WASHINGTON — Jack Faust, a Navy veteran who will turn 101 years old on April 24, has won nine gold medals and two silvers the past five
times he’s competed at the National Veterans Golden Age Games. Not a bad haul.
“No, I’ll say not,” he said. “I’ve got them hanging on the wall.”
And he hopes to add a few more to the wall this year, when he competes for the sixth time at this year’s games in late May in St. Louis.
He started competing more or less on a whim.

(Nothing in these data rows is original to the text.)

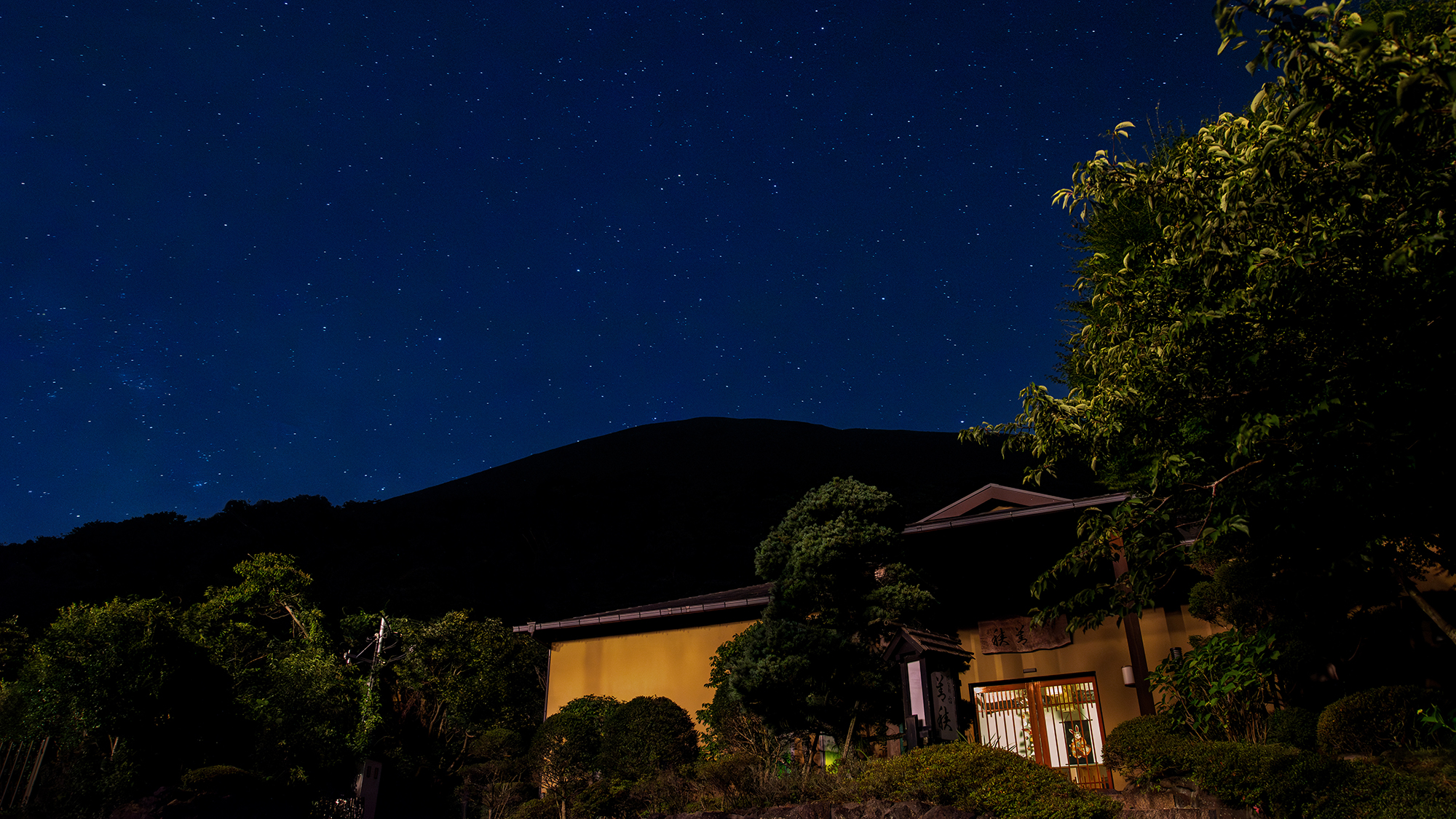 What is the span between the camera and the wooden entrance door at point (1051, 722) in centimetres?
1334

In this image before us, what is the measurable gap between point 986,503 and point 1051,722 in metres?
3.93

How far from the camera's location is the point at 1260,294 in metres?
6.45

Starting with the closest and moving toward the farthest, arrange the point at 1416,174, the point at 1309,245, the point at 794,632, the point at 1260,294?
the point at 1416,174
the point at 1309,245
the point at 1260,294
the point at 794,632

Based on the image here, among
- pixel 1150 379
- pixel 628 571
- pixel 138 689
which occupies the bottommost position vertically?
pixel 138 689

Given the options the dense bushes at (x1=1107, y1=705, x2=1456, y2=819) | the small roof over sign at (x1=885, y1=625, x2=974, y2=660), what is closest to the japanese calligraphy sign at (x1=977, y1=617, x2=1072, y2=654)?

He was never very interested in sports, save some sprinting and jumping in high school and watching football, but when a nurse told him about the games, the idea caught his attention.
The Department of Veterans Affairs puts on the games to promote active lifestyles for older veterans. He insists winning his medals are mostly luck, and the shot at gold isn’t what kept bringing him back each year.

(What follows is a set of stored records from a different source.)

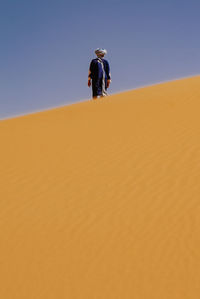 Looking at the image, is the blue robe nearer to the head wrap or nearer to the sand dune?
the head wrap

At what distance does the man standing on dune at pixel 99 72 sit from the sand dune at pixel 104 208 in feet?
8.46

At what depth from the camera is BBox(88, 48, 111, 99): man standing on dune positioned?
10797 millimetres

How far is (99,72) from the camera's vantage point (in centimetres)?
1093

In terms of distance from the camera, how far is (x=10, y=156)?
7.26 m

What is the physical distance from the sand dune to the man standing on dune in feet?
8.46

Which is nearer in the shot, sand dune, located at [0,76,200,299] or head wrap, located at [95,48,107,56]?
sand dune, located at [0,76,200,299]

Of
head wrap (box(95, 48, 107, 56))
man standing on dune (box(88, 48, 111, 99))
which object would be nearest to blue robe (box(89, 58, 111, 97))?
man standing on dune (box(88, 48, 111, 99))

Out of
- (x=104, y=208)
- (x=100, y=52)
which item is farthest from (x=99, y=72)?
(x=104, y=208)

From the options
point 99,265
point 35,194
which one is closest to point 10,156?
point 35,194

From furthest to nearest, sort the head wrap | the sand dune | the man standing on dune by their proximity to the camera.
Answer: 1. the man standing on dune
2. the head wrap
3. the sand dune

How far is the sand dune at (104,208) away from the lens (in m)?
3.65

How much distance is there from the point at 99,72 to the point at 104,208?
6.65m

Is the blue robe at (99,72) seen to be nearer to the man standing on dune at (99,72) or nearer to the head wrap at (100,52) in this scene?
the man standing on dune at (99,72)

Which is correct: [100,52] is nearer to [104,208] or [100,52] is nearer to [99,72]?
[99,72] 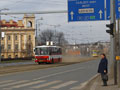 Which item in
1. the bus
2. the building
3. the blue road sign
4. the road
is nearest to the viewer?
the road

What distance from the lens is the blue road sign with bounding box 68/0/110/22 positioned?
2448 centimetres

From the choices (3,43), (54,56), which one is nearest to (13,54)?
(3,43)

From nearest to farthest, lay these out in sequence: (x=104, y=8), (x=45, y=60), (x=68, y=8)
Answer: (x=104, y=8) < (x=68, y=8) < (x=45, y=60)

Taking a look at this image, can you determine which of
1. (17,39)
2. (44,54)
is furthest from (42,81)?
(17,39)

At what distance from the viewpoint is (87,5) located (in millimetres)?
25000

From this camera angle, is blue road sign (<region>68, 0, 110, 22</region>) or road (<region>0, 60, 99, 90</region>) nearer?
road (<region>0, 60, 99, 90</region>)

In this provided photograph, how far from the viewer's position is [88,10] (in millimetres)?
25188

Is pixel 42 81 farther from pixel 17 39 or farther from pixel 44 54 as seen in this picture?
pixel 17 39

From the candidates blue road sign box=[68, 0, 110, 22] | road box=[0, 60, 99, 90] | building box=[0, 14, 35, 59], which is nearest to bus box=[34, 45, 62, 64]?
blue road sign box=[68, 0, 110, 22]

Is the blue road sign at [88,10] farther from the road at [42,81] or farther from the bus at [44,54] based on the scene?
the bus at [44,54]

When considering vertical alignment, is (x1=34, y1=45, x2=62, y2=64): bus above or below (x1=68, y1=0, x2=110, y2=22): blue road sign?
below

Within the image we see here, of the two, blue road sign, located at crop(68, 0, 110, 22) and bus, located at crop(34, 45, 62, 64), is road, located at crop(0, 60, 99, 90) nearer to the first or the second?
blue road sign, located at crop(68, 0, 110, 22)

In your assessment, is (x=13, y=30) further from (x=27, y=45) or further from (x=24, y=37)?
(x=27, y=45)

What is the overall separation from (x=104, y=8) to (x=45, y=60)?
21.5m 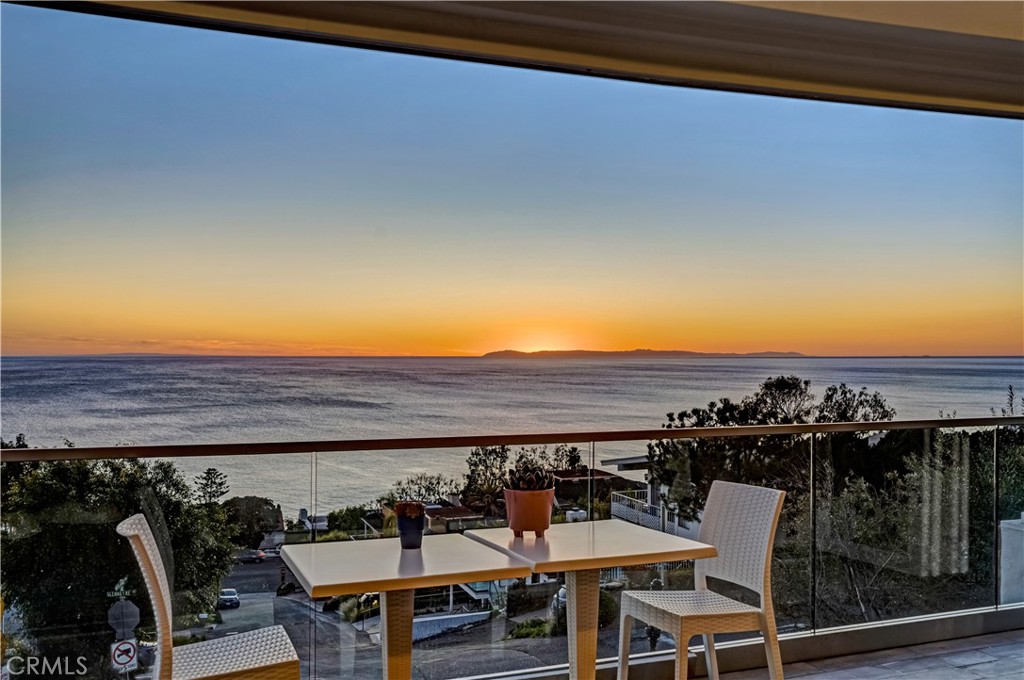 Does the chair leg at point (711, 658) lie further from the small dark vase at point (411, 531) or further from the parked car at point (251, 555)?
the parked car at point (251, 555)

“I just love the camaraderie with everybody,” he said. “I just love the competition those old timers and I had.”
Veterans age 55 and up are divided into multiple age categories and compete in cycling, bowling, checkers, croquet, dominoes, golf, horseshoes, 9-ball, shot put, discus, javelin, air rifle, shuffleboard, table tennis and swimming.
Faust plays shuffleboard and bowls from a wheelchair, and he also competes in the air rifle competition. His success there, he admitted, has been limited, and the competition, stiff.
“We had one Marine sergeant, he had one hole in the center of the target,” he said. “After they looked at it real close, all five shots went through the same hole.”
“But I’m going to give it another try,” he said.
Faust served two tours with the Navy, his first in the Yangtze River Patrol after he turned 16, and his second the day after Pearl Harbor when he returned to join the Seabees.
After his discharge, he settled in California. He’s been living in his Hayward, Calif., apartment for the past 50 years, and has raised more than two dozen grandkids and several some great-great grandkids.
“I’m just so thankful, I say my prayers ever night,” he said, thanking God for another day. “So far my prayers have been answered.”